Процесс «свода», выработанный еще в древнейшие времена, был достаточно хорошо урегулирован обычаем, поэтому в Русской Правде подробного описания «свода» не встречается. Однако при анализе текста ст. 36 Пространной редакции Русской Правды видно, что «свод» предусматривал различный порядок розыска лица, совершившего кражу внутри города, и в том случае, если похищенная вещь обнаружена вне города. «Свод» в городе не был ограничен числом владевших украденной вещью, и его вели до конца. «Свод» на землях вне городских стен истец вел только до третьего владельца, который брал на себя дальнейший розыск .

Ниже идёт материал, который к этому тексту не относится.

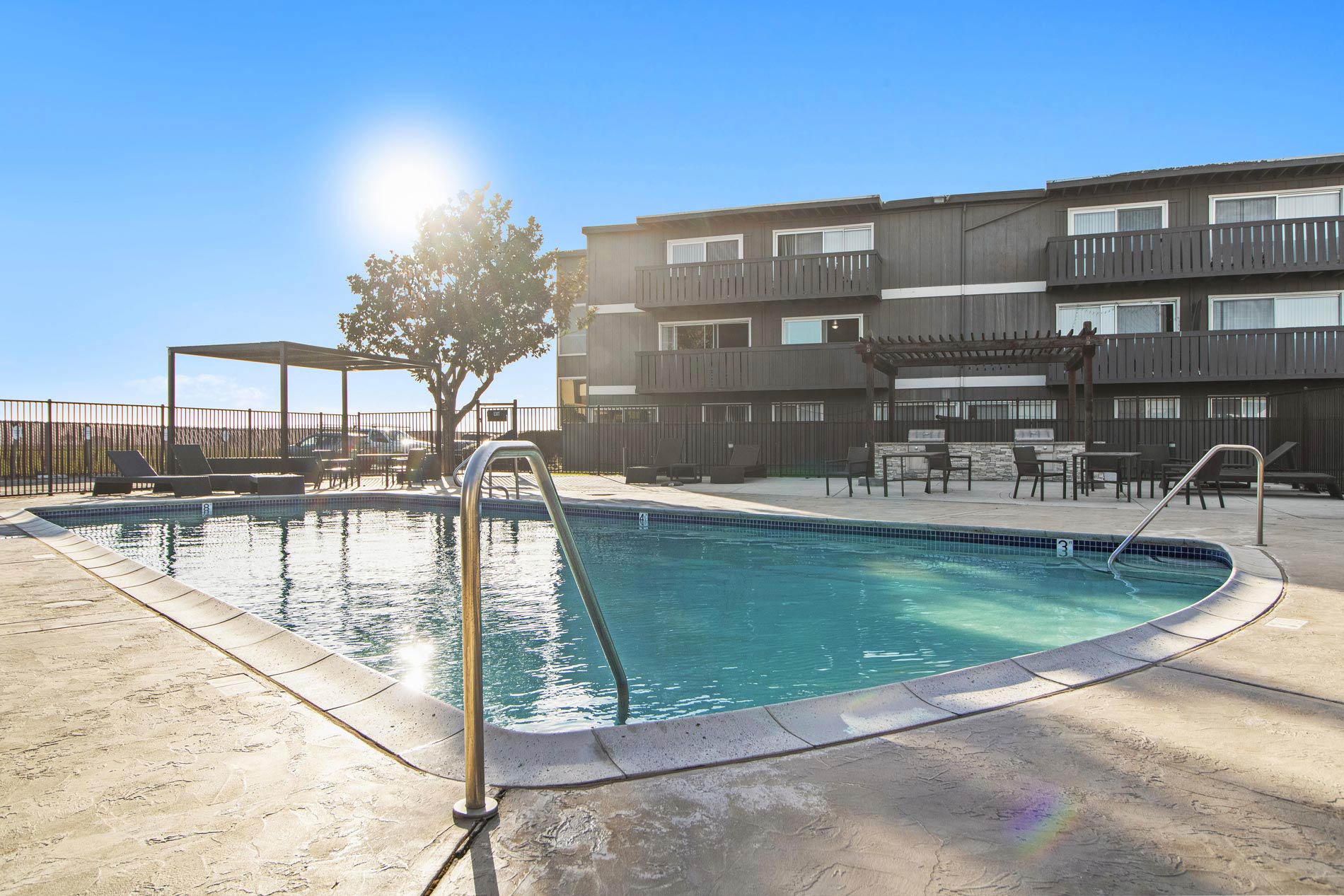Pointe at Westlake pool and grilling area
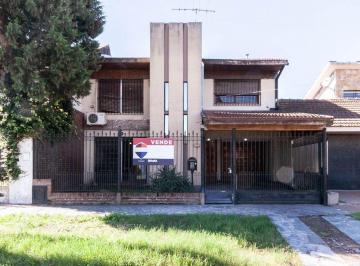 Casa · 140m² · 5 Ambientes · 2 Cocheras · Venta Chalet 2 Plantas 5 Ambientes con Quincho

В Русской Правде еще нет статей, упоминающих о праве обыска. Даже в случае уличения в краже Русская Правда считает достаточным ограничиться показаниями «послухов».

А вот в Псковской судной грамоте (ст. 57) уже говорится о таком следственном действии, как обыск. Лицо, подозреваемое в краже, обязано было допустить в свой двор приставов для обыска. В противном случае оно обвинялось в краже. В соответствии со ст. 60 Псковской судной грамоты обыск мог производиться также у человека, на которого «возклепнет» тать.

Следствие могло осуществляться самими судьями, истцами или доносчиками, а иногда специально назначаемыми лицами в тех случаях, когда виновник преступления не был известен.

Анализируя содержание новгородских законов и летописей, А. П. Куницын пришел к выводу о том, что в Новгородской феодальной республике для установления сущности дела и виновника преступления следователь должен был обозреть следы самого преступления, допросить обвиняемого, взять показания от свидетелей и людей посторонних. Если обвиняемый сам признавался, или утверждал павшее на него подозрение старанием укрыться от преследования, то следователь мог задержать его и представить на суд для ответа .

В рассматриваемую эпоху в качестве безусловных доказательств признавались «рота» (присяга), «жребий», «поле» (сражение между родственниками тяжущихся), ордалии в виде испытаний водой и железом, свидетельские показания «видоков» (очевидцев преступления) и «послухов» . Известны были домовые обыски и письменные документы .

На практике существовал судебный поединок, не упоминавшийся в Русской Правде, однако упоминающийся в Псковской судной грамоте . На поединок противники выходили чаще всего вооруженные дубинами. Причем, если один из «тяжущихся» по своему состоянию (недуг, старость и т. п.) не мог участвовать в поединке, допускалось вместо себя выставить наймита. (Это правило, однако, не распространялось на поединки между женщинами.)

Аналогично отыскивалась истина в уголовных делах и у наших географических соседей.

Так, в Эстляндии XV в. в случае запирательства обвиняемого средством доказательства служила свидетельская и очистительная присяга, или еще и присяга особого поручителя, а в некоторых случаях «Божий суд», заключавшийся в единоборстве. Допускалось также испытание водой, а при убийствах доказательством служило кровотечение из ран убитого. Для отыскания истины и с целью предоставления обвиняемому возможности освободиться от подозрения в убийстве, в заседание суда приносилось тело убитого, или же, взамен его, рука, которая находилась в суде иногда в течение недель. Обвиняемый должен был обходить вокруг покойника или руки убитого, прикоснуться к мертвой руке и произнести клятву. Невиновность обвиняемого считалась доказанной, если при этом не текла кровь .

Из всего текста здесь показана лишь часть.